"Questions abour RM DBScan arff in java source"

Islon
Islon New Altair Community Member
edited November 5 in Community Q&A
Hi guys, I'm a Weka User trying to learn how to use rapidminer clustering algorithms in a simple application java.

I want to do a simple process that reads a arff file and use the DBScan.
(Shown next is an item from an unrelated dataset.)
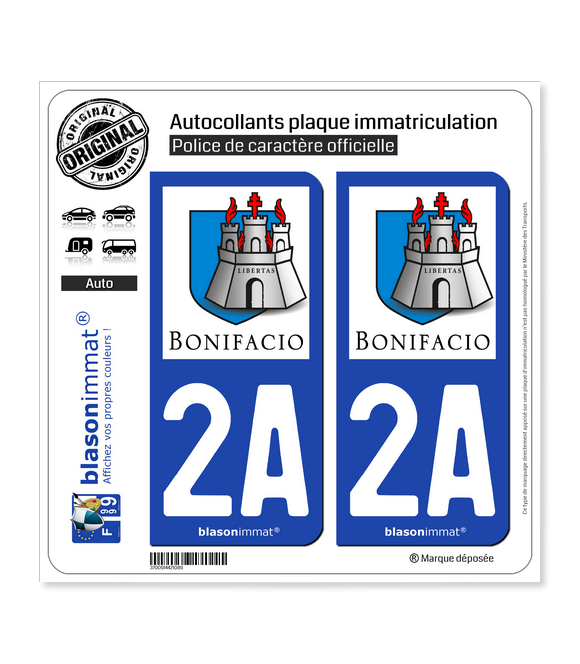2A Bonifacio - Citadelle | Autocollant plaque immatriculation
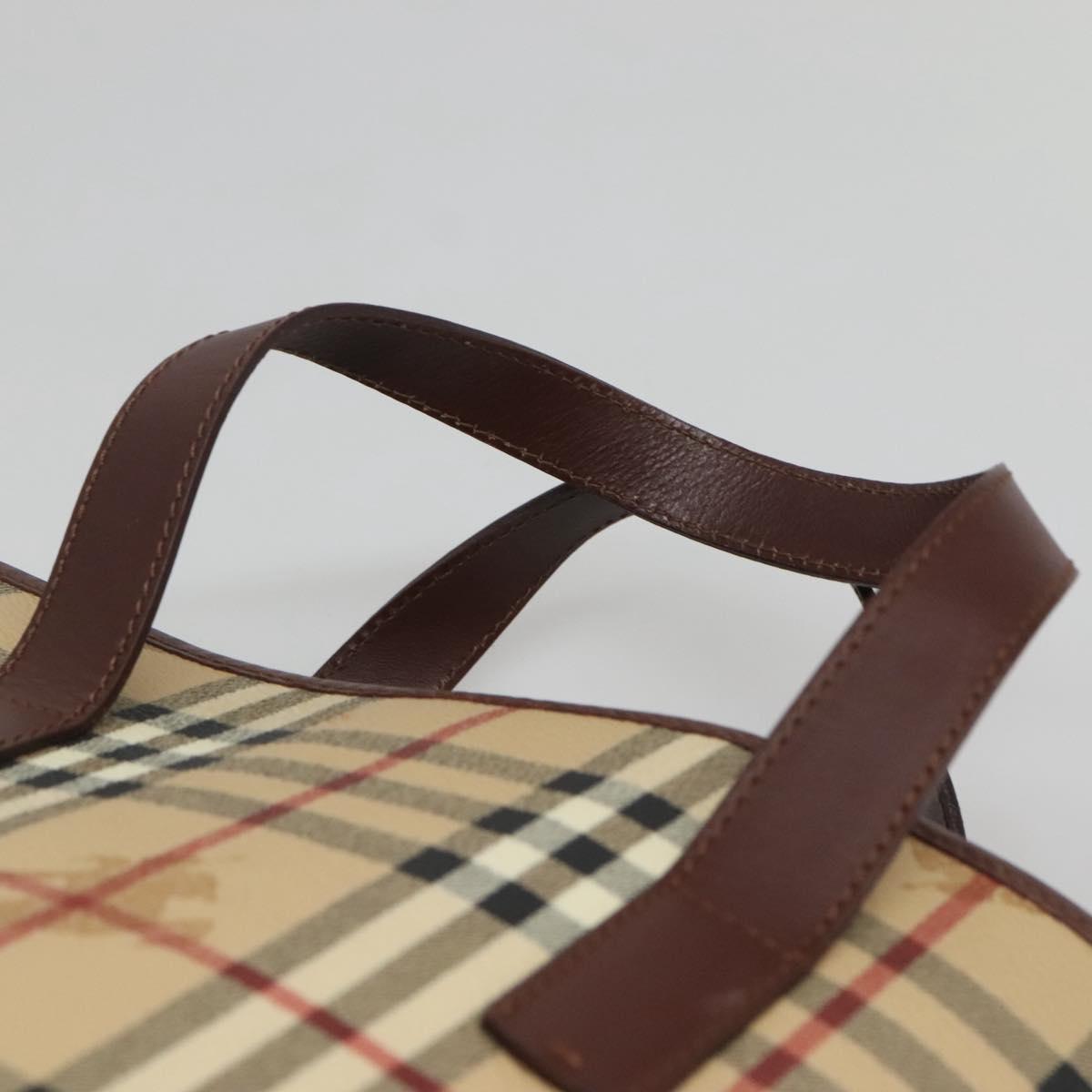 BURBERRY Nova Check Hand Bag PVC Beige Auth 122977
After that, show the results in the console of netbeans.

My code:

package rapidminer;

import com.rapidminer.Process;
import com.rapidminer.RapidMiner;
import com.rapidminer.RapidMiner.ExecutionMode;
import com.rapidminer.operator.Operator;
import com.rapidminer.operator.OperatorCreationException;
import com.rapidminer.operator.OperatorException;
import com.rapidminer.operator.clustering.clusterer.DBScan;
import com.rapidminer.operator.io.ArffExampleSource;
import com.rapidminer.operator.ports.PortException;
import com.rapidminer.tools.OperatorService;


public class Rapidminer
{

   
    public static Process createProcess() {
try
        {
            // invoke init before using the OperatorService
            RapidMiner.setExecutionMode(ExecutionMode.COMMAND_LINE);
    RapidMiner.init();
}
        catch (Exception e)
        {
            e.printStackTrace(System.out);
        }

// create process
Process process = new Process();
try
        {
    // create operator
    Operator inputData = OperatorService.createOperator(ArffExampleSource.class);   
    // set parameters
    inputData.setParameter("data_file", "C:/iris.arff");
           
            // Clustering
            Operator scan = OperatorService.createOperator(DBScan.class);
            scan.setParameter("min_points", Double.toString(5));
            scan.setParameter("epsilon", Double.toString(0.1));
               
    // add operator to process
    process.getRootOperator().getSubprocess(0).addOperator(inputData);
            process.getRootOperator().getSubprocess(0).addOperator(scan);

            inputData.getOutputPorts().getPortByName("output").connectTo(scan.getInputPorts().getPortByName("training set"));
         

}
        catch (OperatorCreationException | PortException e)
        {
            e.printStackTrace(System.out);
        }
return process;
    }

   
    public static void main(String[] argv)
    {
// create process
Process process = createProcess();
// print process setup
System.out.println(process.getRootOperator().createProcessTree(0));

try
        {
    // perform process
    process.run();

}
        catch (OperatorException e)
        {
            e.printStackTrace(System.out);
        }
    }
}

Well, that's my questions:

1. How can I print the dbscan output in netbeans console?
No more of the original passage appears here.